Jon Platt is an American music-publishing executive and a former DJ. He is Chairman and CEO of Sony Music Publishing after having spent 17 years at EMI Music Publishing.

Early life
Although he was born in Philadelphia, Platt considers Denver his hometown; his childhood bounced him from Park Hill to Aurora before he landed firmly in Montbello, where he grew up from the time he was in the fifth grade. He and several siblings were raised there by his mother, who worked security at Rocky Flats to support her family.

Career

DJ
While working at a Dave Cook sporting goods store in Aurora, Platt met a friend who taught him DJing. From 1985 to 1989, he DJed at Norman's Place, building an audience for himself through word of mouth. He then founded his own party event at a ballroom in a Quality Inn, which was profitable. However, a murder took place at Platt's 26th birthday party in 1990, and the negative press that followed brought that run to an end. A friend convinced him to rebuild, and he successfully got a following going again, drawing patrons to the club Maximilian's.

Management
Platt credits a conversation in Denver with Public Enemy's front man, Chuck D, as main inspiration for wanting to be more than a local DJ. He decided to become a manager and relocated to Los Angeles where he was introduced to Madukey Productions by a friend.

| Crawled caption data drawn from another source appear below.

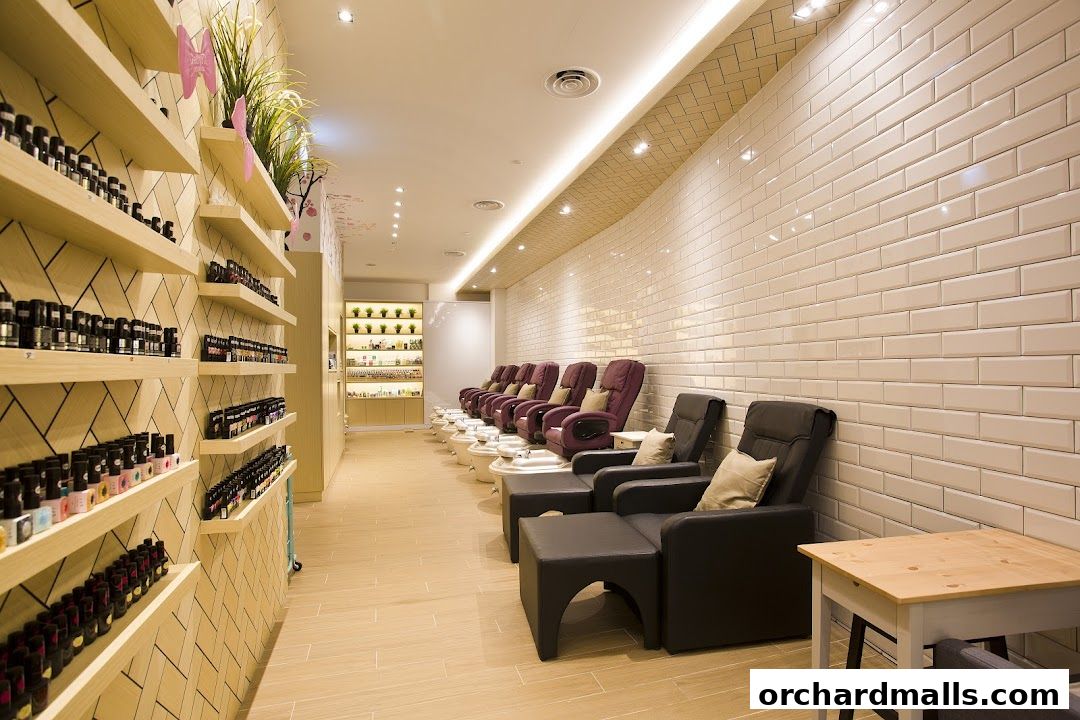Interior of a nail spa with shelves of nail polish and pedicure chairs.
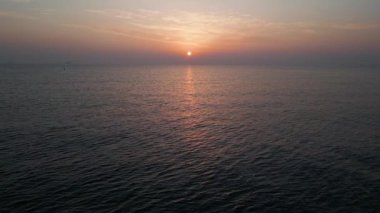 Gün batımında sakin bir denizin, yumuşak dalgalar ve ufukta süzülen ılık bir güneşin, rahatlatıcı ve pitoresk bir okyanus manzarası yaratarak, rahatlatıcı temalar için ideal bir hava aracı görüntüsü..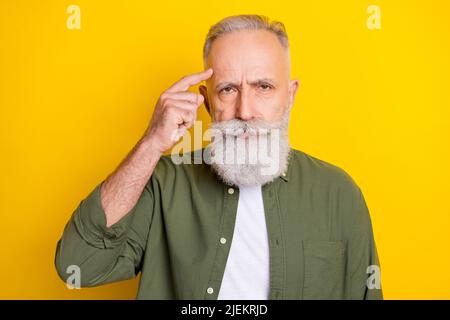 Photo portrait de l'homme âgé a eu mauvaise humeur en gardant le doigt près du front isolé couleur jaune vif fond Banque D'Images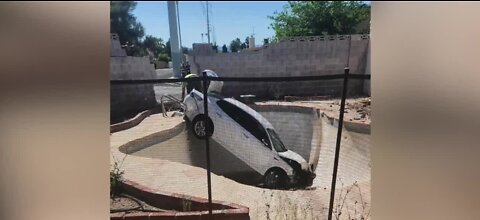 Car crashes into wall, empty pool of southeast Las Vegas residence, police say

He secured the crew a remix to 2Pac's single "Keep Ya Head Up" and brokered a publishing deal with EMI for both Madukey and producer Kiyamma Griffin, thereby establishing a relationship with Steve Prudhomme, a creative manager at EMI.

Publishing
In 1995, Prudhomme left EMI to join Warner Bros. and he recommended his former employer to hire Platt as the creative manager. It didn't take long until he made noise by acquiring the publishing rights to TLC's single "Waterfalls," one of the biggest crossover hits of the mid '90s. He quickly climbed the corporate ladder becoming the creative-director after a year and vice president a year later. He also successfully recruited Jay-Z to EMI after the release of his classic debut-album, Reasonable Doubt, in '96.

In 2012, Platt left his position as vice president at EMI for Warner/Chappell Music where he was named President.

In 2015, Platt was named CEO of Warner Chappell Music.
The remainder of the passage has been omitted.